Woodcock: (lacht) Das sagt man immer über besondere Spieler. Viel Lob steht auch enormer Kritik gegenüber. Ein Spieler muss auf dem Feld eine gewisse Arroganz haben. Es lastet auch viel Druck auf seinen Schultern.
„Es kann sein, dass diese Sache wieder hochkommt“
SPORT1: Der Schiedsrichter am Mittwochabend heißt Felix Zwayer. Im Dezember 2021 verlor Borussia Dortmund mit Bellingham gegen Bayern. Die Bayern bekamen von Zwayer einen schmeichelhaften Handelfmeter zugesprochen, während Dortmund zuvor zwei verweigert wurden. Bellingham warf Zwayer nach dem Spiel indirekt Bestechlichkeit vor. Jetzt gibt es ein Wiedersehen.
Woodcock: Ich wusste gar nicht, dass es da ein Vorspiel gab. Als junger Spieler brauchst du gute Nerven, wenn du so etwas sagst. Das war schon ein harter Vorwurf von Bellingham. Ich denke, er wird auf den Platz gehen und Fußball spielen. Bellingham wird ein komisches Bauchgefühl haben. Es ist für ihn die große Chance, ins Finale zu kommen, da denkt er nicht an die Geschichte damals. Es kann aber sein, dass diese ganze Sache wieder hochkommt, wenn Zwayer in einer wichtigen Szene gegen England pfeift. Bellingham darf nicht grübeln. Es darf ihn nicht interessieren, wer der Schiedsrichter ist. Es wird für Zwayer eine schwierige Situation. Bellingham muss positiv denken. Und der Schiedsrichter hoffentlich auch.

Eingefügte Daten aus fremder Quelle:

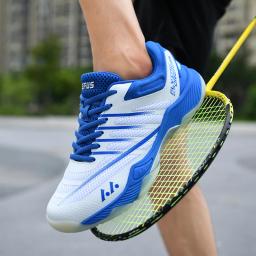 Tênis de mesa masculino e feminino, tênis de treino, badminton, voleibol, tênis, novo, 2023 - Image 5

SPORT1: Wie geht das Spiel aus?
Woodcock: England schafft das. Eins ist klar: Sie müssen gegen die Niederlande besser spielen. Gegen die Schweiz haben wir fünf Elfmeter verwandelt, das war auch neu für uns. Unsere Nationalmannschaft hat jetzt diese gewisse Siegermentalität. Ein Finaleinzug wäre unglaublich. Mein Finalwunsch war eigentlich England gegen Deutschland. Meine deutschen Freunde werden uns nun die Daumen drücken. Meine Tochter Alexis ist unser Glücksbringer.
SPORT1: Warum?
Woodcock: Sie lebt in Köln und hat von Anfang an gesagt: „Wenn Deutschland nicht im Finale stehen wird, dann England.“ Sie hat ein altes Trikot von mir aus dem Jahr 1984. Sie trägt jetzt das Trikot und bringt uns hoffentlich weiter Glück.